STORED DATA -
......

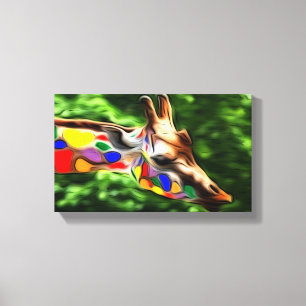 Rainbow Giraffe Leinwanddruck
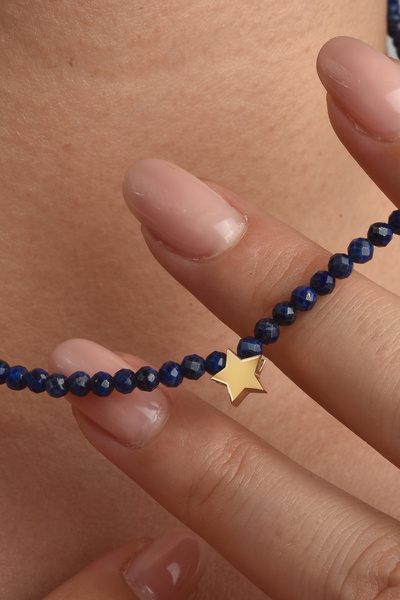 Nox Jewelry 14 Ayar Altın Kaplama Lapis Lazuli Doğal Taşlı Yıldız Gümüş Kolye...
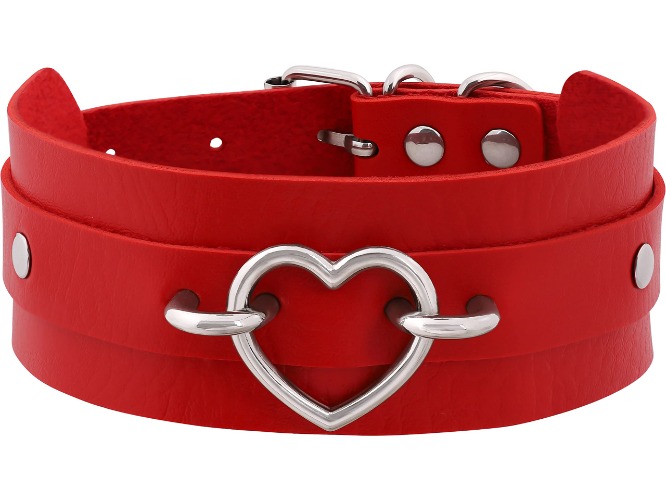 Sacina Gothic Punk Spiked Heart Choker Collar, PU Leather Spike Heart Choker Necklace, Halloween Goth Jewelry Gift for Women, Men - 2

......

ACTIVITY - Pictures stay out of the copy; print the material above exactly.

TASK RESPONSE -
 Rainbow Giraffe Leinwanddruck
 Nox Jewelry 14 Ayar Altın Kaplama Lapis Lazuli Doğal Taşlı Yıldız Gümüş Kolye...
 Sacina Gothic Punk Spiked Heart Choker Collar, PU Leather Spike Heart Choker Necklace, Halloween Goth Jewelry Gift for Women, Men - 2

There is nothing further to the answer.